- _PROBLEM DESCRIPTION_: Here the job is to copy the data exactly and to exclude every image from it.
[INFORMATION SHOWN Boundary: Start]
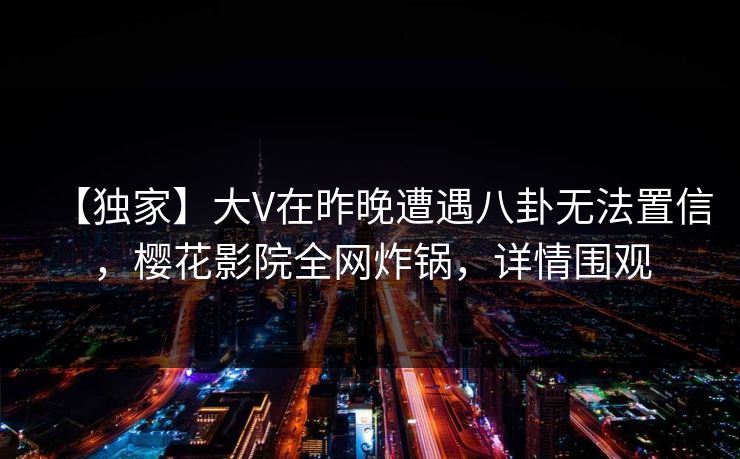 【独家】大V在昨晚遭遇八卦无法置信,樱花影院全网炸锅,详情围观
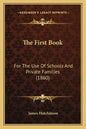 The First Book: For The Use Of Schools And Private Families (1860) - Paperback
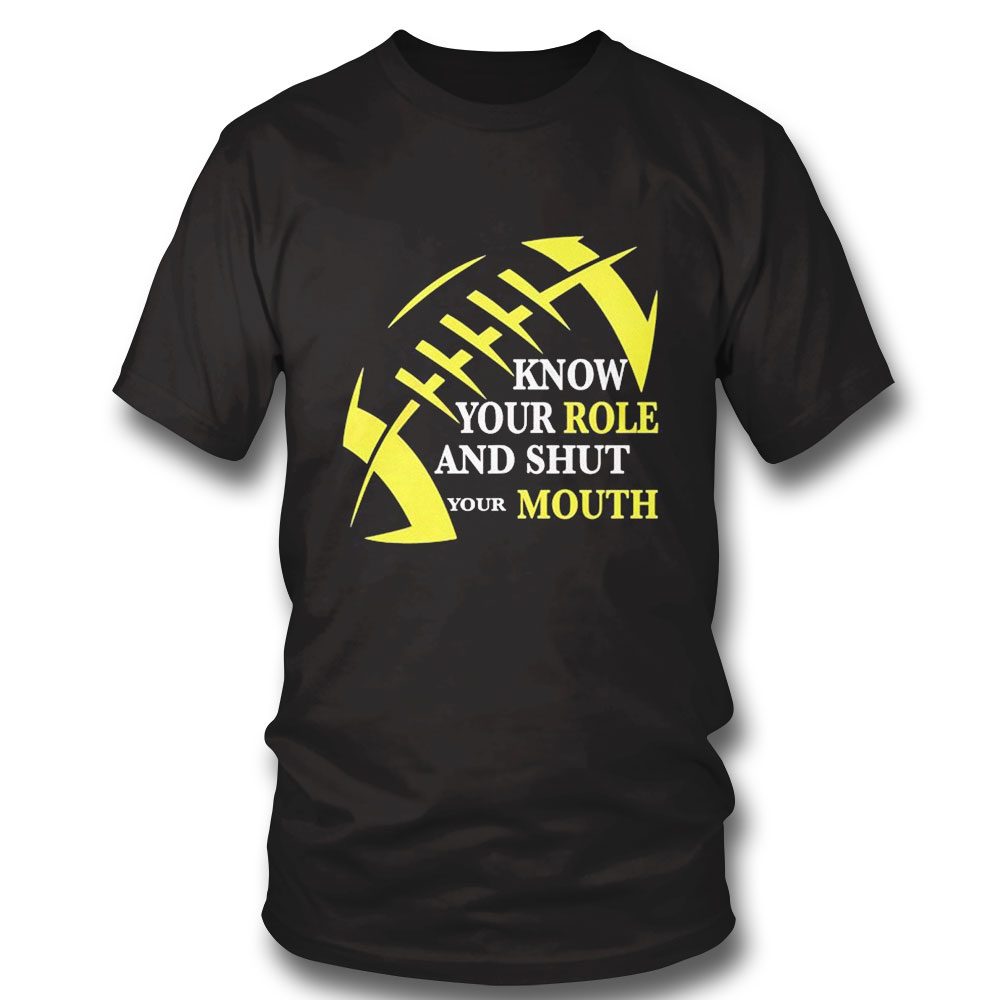 Know Your Role And Shut Your Mouth Funny Football Quote Shirt Longsleeve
[INFORMATION SHOWN Boundary: End]
- _OUTPUT FOR THIS TASK_:
 【独家】大V在昨晚遭遇八卦无法置信,樱花影院全网炸锅,详情围观
 The First Book: For The Use Of Schools And Private Families (1860) - Paperback
 Know Your Role And Shut Your Mouth Funny Football Quote Shirt Longsleeve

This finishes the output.